The DECOVALEX project is an international research and model comparison collaboration for advancing the understanding and modeling of coupled thermo-hydro-mechanical (THM) processes in geological systems. Prediction of these coupled effects is an essential part of the safety assessment of geologic disposal systems for radioactive waste and spent nuclear fuel, but also for a range of other sub-surface engineering activities such as carbon dioxide subsurface storage, enhanced geothermal systems, and unconventional oil and gas production through hydraulic fracturing. DECOVALEX involves analysis and comparative modeling of state-of-the-art laboratory and field experiments, with various international research teams providing a wide range of perspectives and solutions to these complex problems.
One of the analysis and modeling tasks of the current DECOVALEX phase centers on the transport of gas through low-permeability clay-based materials such as bentonite or argillite rock. In a geological repository for radioactive waste, the corrosion of the ferrous materials, radioactive decay of the waste, radiolysis of organic materials and water, and the microbial breakdown of organic materials will produce gas, the most important of which (by volume) is hydrogen. As gas is produced, it will initially accumulate until gas pressure is eventually high enough to drive gas away from its source. Understanding the long-term fate of such gas transport and its impact on the surrounding materials is therefore important in the development of a geological disposal facility for radioactive waste.

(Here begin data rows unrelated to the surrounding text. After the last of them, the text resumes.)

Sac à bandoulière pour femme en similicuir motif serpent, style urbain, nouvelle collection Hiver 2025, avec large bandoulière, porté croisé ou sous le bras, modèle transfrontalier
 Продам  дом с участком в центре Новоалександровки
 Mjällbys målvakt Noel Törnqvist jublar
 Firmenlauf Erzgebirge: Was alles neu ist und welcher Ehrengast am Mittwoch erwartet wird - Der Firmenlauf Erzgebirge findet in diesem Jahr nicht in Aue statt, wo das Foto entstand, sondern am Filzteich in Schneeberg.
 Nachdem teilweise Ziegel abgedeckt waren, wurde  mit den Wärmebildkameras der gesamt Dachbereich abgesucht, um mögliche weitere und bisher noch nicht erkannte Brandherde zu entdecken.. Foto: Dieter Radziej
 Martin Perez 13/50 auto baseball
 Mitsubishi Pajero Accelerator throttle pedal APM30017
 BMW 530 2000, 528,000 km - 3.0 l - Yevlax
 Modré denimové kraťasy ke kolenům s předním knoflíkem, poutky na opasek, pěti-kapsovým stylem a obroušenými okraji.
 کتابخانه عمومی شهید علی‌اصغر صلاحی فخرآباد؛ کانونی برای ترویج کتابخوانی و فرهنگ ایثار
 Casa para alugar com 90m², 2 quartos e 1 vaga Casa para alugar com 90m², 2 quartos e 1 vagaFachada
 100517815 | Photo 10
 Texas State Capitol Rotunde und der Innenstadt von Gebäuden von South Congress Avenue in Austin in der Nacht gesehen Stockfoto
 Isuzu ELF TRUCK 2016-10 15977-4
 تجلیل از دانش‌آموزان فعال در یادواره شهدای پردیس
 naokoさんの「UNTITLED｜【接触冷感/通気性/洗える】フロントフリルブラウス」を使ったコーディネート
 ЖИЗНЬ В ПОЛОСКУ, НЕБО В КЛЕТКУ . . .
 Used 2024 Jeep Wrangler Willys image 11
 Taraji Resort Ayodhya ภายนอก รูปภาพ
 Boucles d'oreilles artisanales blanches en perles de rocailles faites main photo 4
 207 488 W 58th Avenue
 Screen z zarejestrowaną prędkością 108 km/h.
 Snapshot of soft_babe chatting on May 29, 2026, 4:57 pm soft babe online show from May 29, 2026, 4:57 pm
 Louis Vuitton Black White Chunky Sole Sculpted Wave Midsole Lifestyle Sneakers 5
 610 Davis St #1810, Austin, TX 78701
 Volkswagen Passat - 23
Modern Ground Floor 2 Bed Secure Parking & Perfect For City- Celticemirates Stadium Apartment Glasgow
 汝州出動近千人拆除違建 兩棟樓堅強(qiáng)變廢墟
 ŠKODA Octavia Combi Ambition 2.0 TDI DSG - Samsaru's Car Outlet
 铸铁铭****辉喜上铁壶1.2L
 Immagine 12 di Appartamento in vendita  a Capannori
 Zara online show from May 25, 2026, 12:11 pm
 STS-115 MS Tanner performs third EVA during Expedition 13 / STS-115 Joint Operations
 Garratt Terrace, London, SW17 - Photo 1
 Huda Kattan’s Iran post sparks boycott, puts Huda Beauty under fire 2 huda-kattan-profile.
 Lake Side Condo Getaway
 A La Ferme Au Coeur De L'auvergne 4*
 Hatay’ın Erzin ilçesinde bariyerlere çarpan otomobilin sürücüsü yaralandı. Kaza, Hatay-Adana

Research teams involved in the modeling task use a range of different approaches to simulate gas transport data from a series of well-controlled laboratory tests, in a staged manner building in complexity (both in terms of the experimental and modelling approaches). Special attention is given to the THM mechanisms controlling factors for initiation and evolution of gas flow, such as gas entry, mechanical damage, pathway dilation and flow, as well as pathway stability and sealing, all of which will impact barrier performance. This presentation will provide an overview of process understanding and model approaches, and then will discuss in more details two specific numerical models to analyze gas-migration laboratory experiments on mechanically confined bentonite samples. The first model is a continuum model based on multiphase fluid flow, linear poro-elasticity and moisture swelling, with gas permeability related to the minimum effective compressive stress. The second model is a discrete fracture model based on continuum multiphase fluid flow linked with a lattice model to represent discrete fracture developments. In the continuum model, the key to capture observed responses is the stress-dependent gas permeability and moisture shrinkage. In the discontinuum model, the key processes involved are shear failure creating a dense discrete fracture network and abrupt permeability enhancement. Both models capture reasonable well the measured evolution of gas flow, pressure and stress, including the abrupt responses observed once an apparent threshold gas pressure is exceeded. Further modeling of other experiments conducted on the same type of bentonite (e.g. spherical flow versus linear flow) will be necessary to better distinguish between different underlying and controlling processes occurring within the sample.